Monday, January 3, 2011

Borscht (Russian Soup)

This recipe is the ultimate cheap and easy comfort food of many Russian and Ukrainian people. I enjoyed this many times with Russian and Ukrainian immigrants I had the pleasure to get to know years ago.


1 large onion, chopped
2 stalks celery, chopped
2 cloves garlic, minced
2 Tbsp oil or butter
3-4 potatoes, cubed
3-4 carrots, sliced
4 cups beef or vegetable broth
4 large beets grated (may use the tops, cleaned & chopped) or 1 1/2- 2 cups cooked
2 Tbsp vinegar
1/2 tsp salt, more or less (I prefer Adobo seasoned salt)
dash of pepper
1 Tbsp dried parsley


1/2-1 pound beef, cubed or ground beef
chopped greens- spinach, escarole, mustard or turnip greens, swiss chard fresh or frozen if not using beet greens
plain yogurt or sour cream
cottage cheese

Saute onion, garlic, carrots and celery in oil in a large soup pot until onions are soft. Add potatoes, seasonings and broth. Bring to a boil; reduce heat and simmer until vegetable are soft, about 15 minutes. Add beets; cook 15 minutes (or about 3 minutes if beets are already cooked).
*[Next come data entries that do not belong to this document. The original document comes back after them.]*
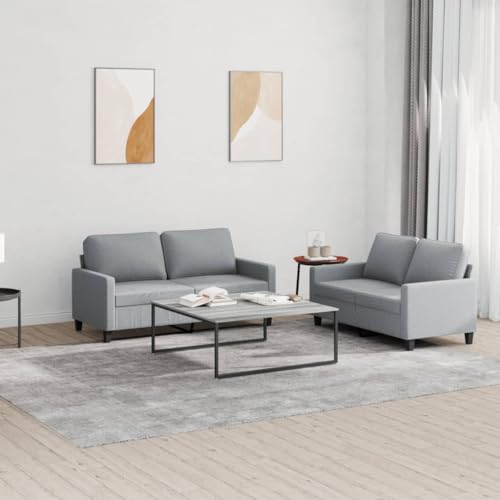 Qnhdfrt 2-TLG. Sofagarnitur Hellgrau mit Kissen – 2-Sitzer Couch Set klein und groß für Wohnzimmer Balkon – Robustes Metallgestell Dicke Polsterung Atmungsaktiver Stoff Qnhdfrt 2-TLG. Sofagarnitur Hellgrau mit Kissen – 2-Sitzer Couch Set klein und groß für Wohnzimmer Balkon – Robustes Metallgestell Dicke Polsterung Atmungsaktiver Stoff von Qnhdfrt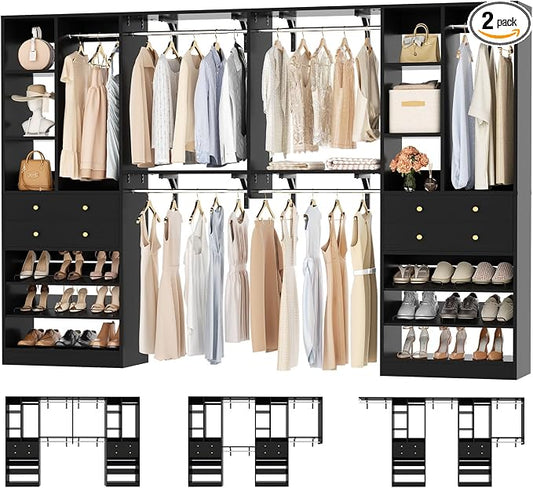 Besiost Closet System with Drawers, 120"/10FT, 151.2"/12.6FT, Built-in Closet Organizer System with Reversible Hanging Shelving and Hanging Rods, Black Set of 2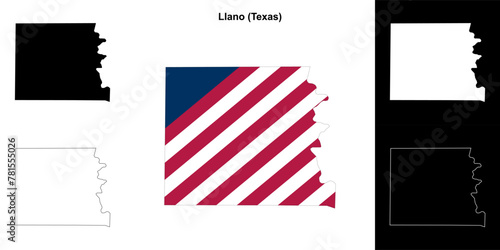 Llano County (Texas) outline map set
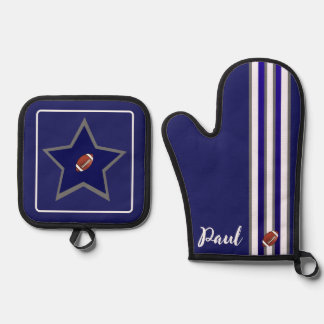 Dallas Football Fan Customisable Design Oven Mitt & Pot Holder Set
Add vinegar. Cook 1 minute. Garnish with yogurt and/or cottage cheese for more flavor and nutrition.  Makes about 6 cups.
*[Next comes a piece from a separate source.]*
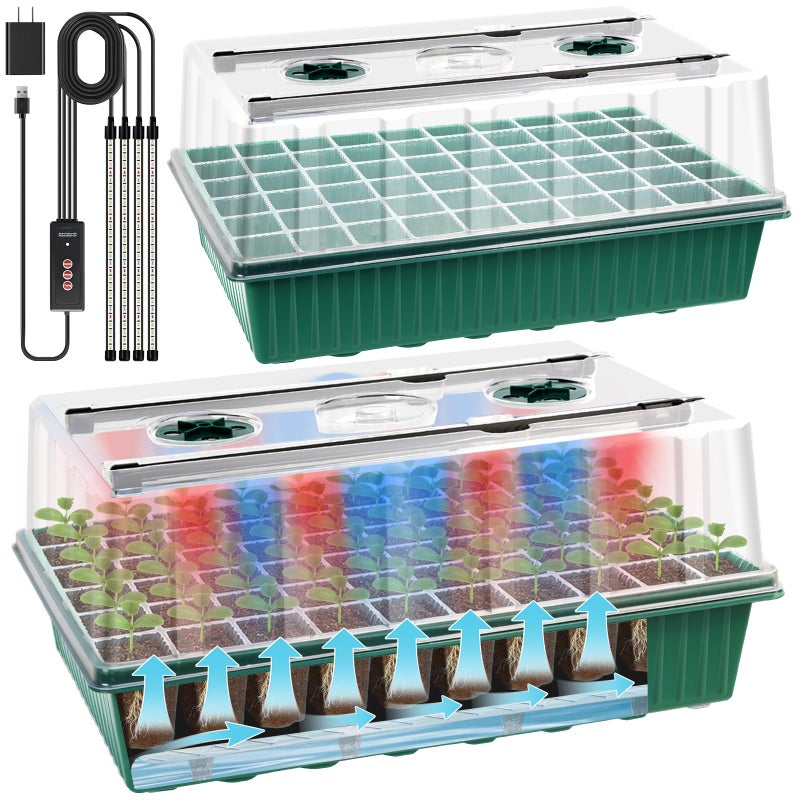 SprintGy 2 Set 120-Cell Seed Starter Tray with Grow Light, Self-Watering Seed Starter Kit with Humidity Dome, Adjustable Brightness Timed Seedling Starter Plant Germination Trays Indoor - Image 1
If using beef, you would dredge the beef cubes in about 1-2 Tbsp flour mixed with couple dashes of salt and pepper. Saute with oil and onions/garlic as above. If using ground beef, saute in pan with onions and garlic, drain off fat and then continue sauteing with vegetables. Follow remainder of recipe as above.

Serve with hunks of bread- wholegrain, rustic, pumpernickel, vienna etc.

*Recipe adapted from Marie Tobaben- originally in Whole Foods For The Whole Family La Leche League International Cookbook 1981.